[Given data — start]
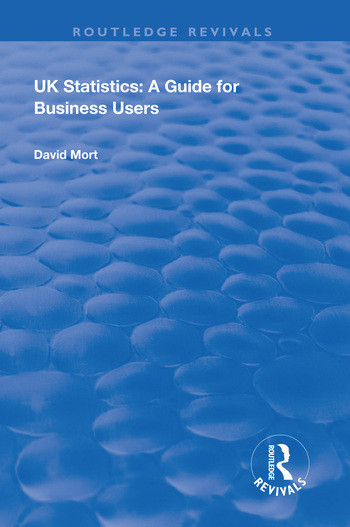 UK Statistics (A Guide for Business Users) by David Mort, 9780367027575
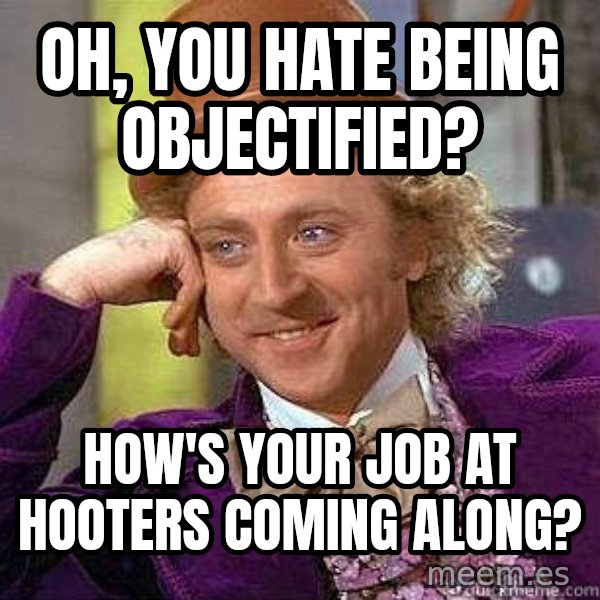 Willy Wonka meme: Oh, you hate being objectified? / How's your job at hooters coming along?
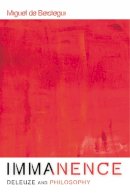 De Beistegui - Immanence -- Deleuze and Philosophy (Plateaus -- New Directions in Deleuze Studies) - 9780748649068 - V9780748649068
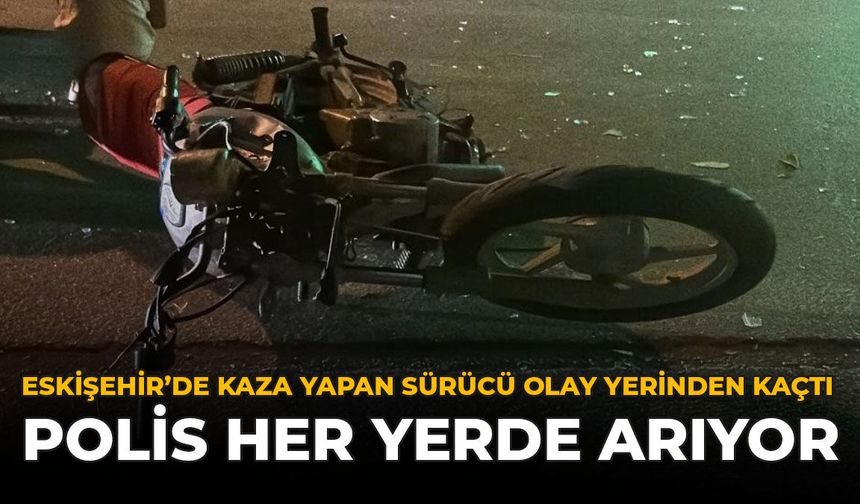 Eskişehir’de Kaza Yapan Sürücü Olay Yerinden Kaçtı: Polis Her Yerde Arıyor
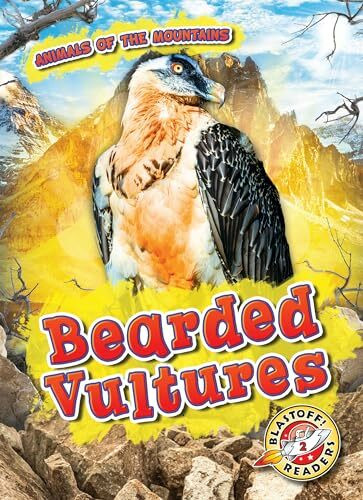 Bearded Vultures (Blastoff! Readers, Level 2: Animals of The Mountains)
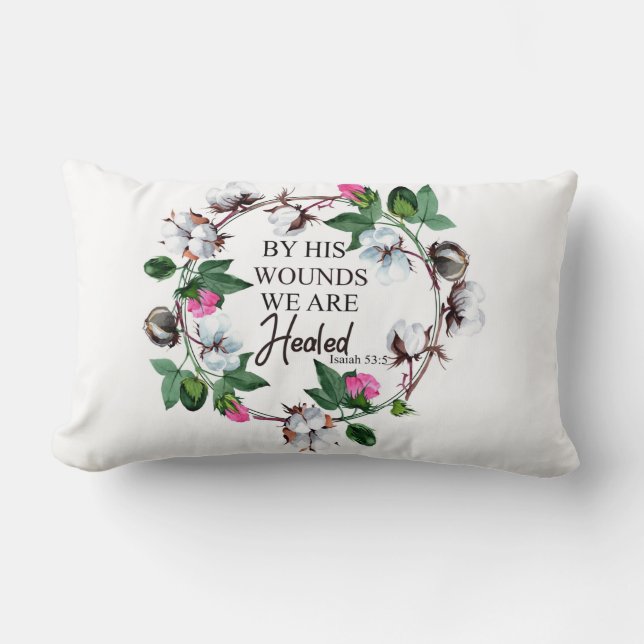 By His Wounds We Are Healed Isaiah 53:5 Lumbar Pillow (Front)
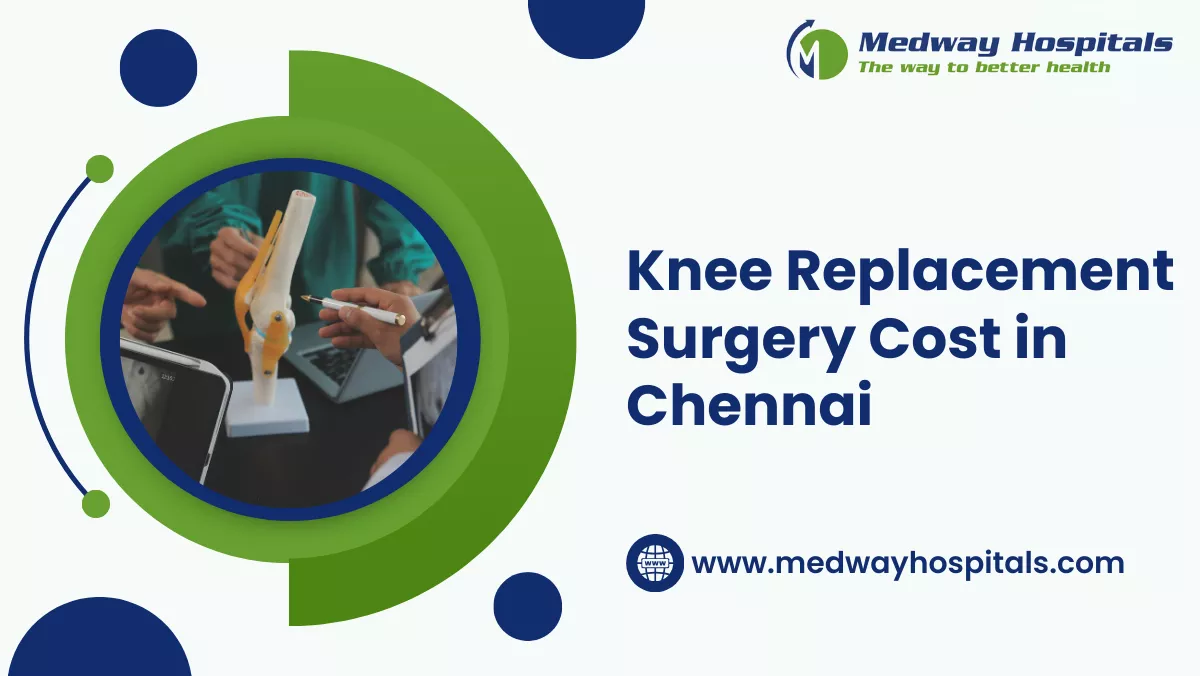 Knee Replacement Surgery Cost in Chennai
[Given data — finish]
▸ **Your objective**:
Write the records out once more, exactly as they appear, with no pictures.

▸ **Reply to the exercise**:
 UK Statistics (A Guide for Business Users) by David Mort, 9780367027575
 Willy Wonka meme: Oh, you hate being objectified? / How's your job at hooters coming along?
 De Beistegui - Immanence -- Deleuze and Philosophy (Plateaus -- New Directions in Deleuze Studies) - 9780748649068 - V9780748649068
 Eskişehir’de Kaza Yapan Sürücü Olay Yerinden Kaçtı: Polis Her Yerde Arıyor
 Bearded Vultures (Blastoff! Readers, Level 2: Animals of The Mountains)
 By His Wounds We Are Healed Isaiah 53:5 Lumbar Pillow (Front)
 Knee Replacement Surgery Cost in Chennai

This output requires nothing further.